Jordan arranged a trip to Midway, a former U.S. military base now a national wildlife refuge, expecting to wrap up the project in two weeks. Instead, the former corporate attorney found himself emotionally devastated and haunted by what he saw.
“I had always held grief at a distance but on the island there was no way to minimize it or get around it,” he said. “I’d be filming and just dissolve in tears.”
He and his crew returned eight times over the years, awed by the Eden-like beauty of the island, marred by abandoned military buildings and equipment of war. All the while, Jordan faced pressure from investors who didn’t understand the delays.
“My backers were saying, ‘Dude you already have enough footage.’”
But the former attorney and UT law school grad was set on getting the story right and approached it as though building a case.
“One thing that carried me through was the doctrine of knowing who your client is,” he said. “I figured out early on, my client was the birds.”

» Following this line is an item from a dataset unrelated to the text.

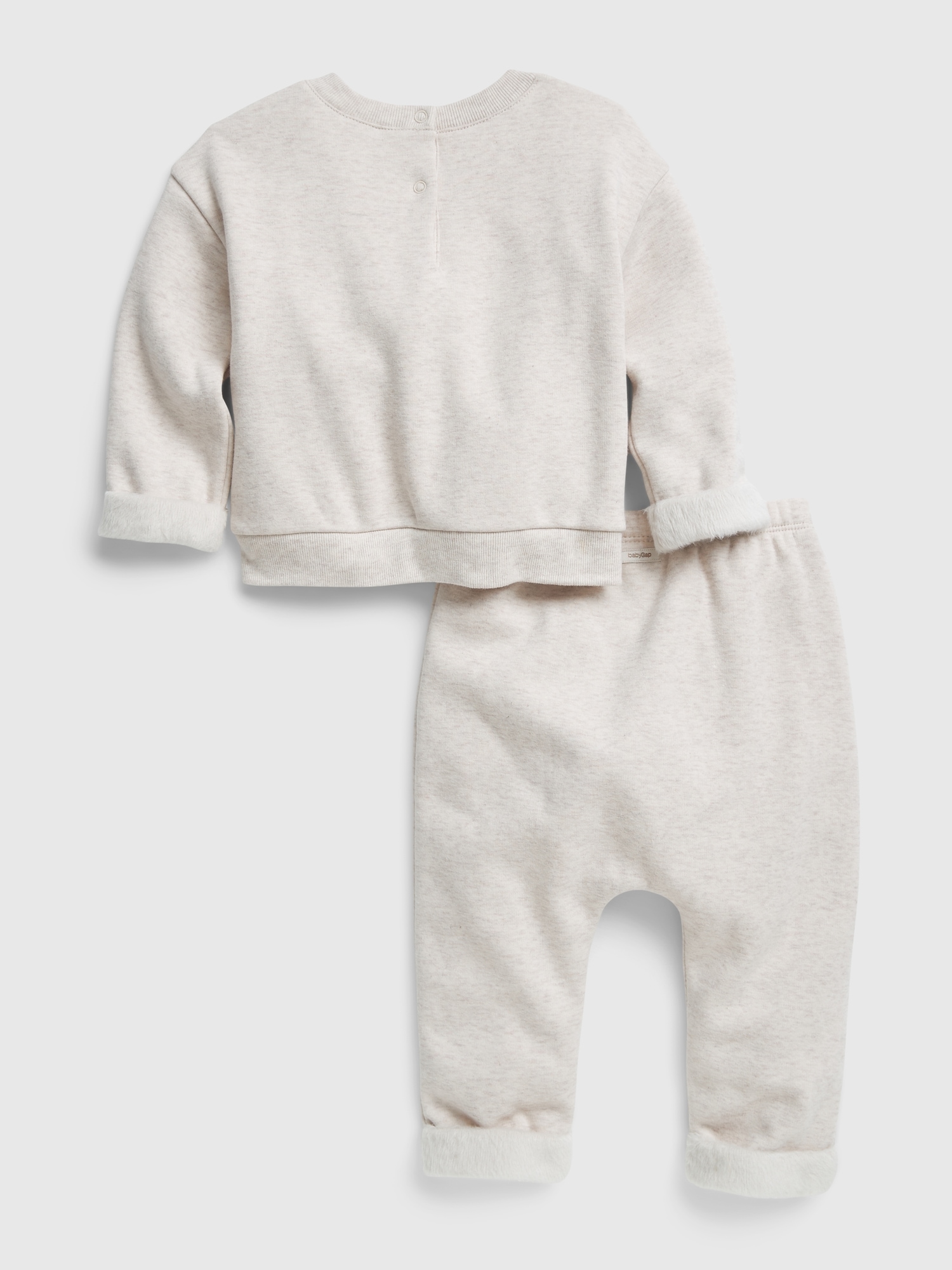 Baby Cozy Sherpa Lined 2Piece Outfit Set Gap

The final two and half years of the project were spent in the editing room, where Jordan boiled down 22,000 shots. He rewrote the narration a hundred times, at one point hiring and firing a scriptwriting team and then even removing the narration completely.
“I showed it to my friends [without narration] and they said it was like someone took them to Hell and dropped them off and abandoned them,” he said with a chuckle.
He realized he needed to serve as a benevolent guide, taking the viewer “midway between the horrors of the world and its immense complex overwhelming beauty.”
Jordan sees the mythology of the contemporary dilemma. The film opens with lines from the 1798 poem the Rime of the Ancient Mariner by Samual Coleridge, after which the albatross came to symbolize conspicuous guilt. In the story, the albatross, a symbol of good luck to sailors, is shot by the mariner. When the boat suffers a mishap, the crew blames the mariner and hangs the albatross around his neck to punish him.
Yet Jordan insists he didn’t intend to make people feel bad. He shoots straight with the truth, while showing empathy for the sting of it. He shares his own sorrow and rituals of mourning, which serve as a balm to the viewer.
“I hope it helps people connect with their own self and the universal truth, which is that we all love life and we are all a part of the miracle of the world.”
The final epiphany came when Jordan realized he didn't want to turn the film into a commercial enterprise. Instead, on April 22, Earth Day, he made it available free to anyone who wanted to host a screening. On June 8, World Oceans Day, the film will be available on the internet to all.
“It’s my gift to the world."
About: Seattle-based photographer and filmmaker Chris Jordan spent eight years chronicling the iconic birds on Midway Island in the middle of the Pacific who are dying from eating plastic.
Where to see: As of Earth Day, the film is available to anyone who wants to host a screening free. On World Oceans Day, the film will be available free on the internet to everyone.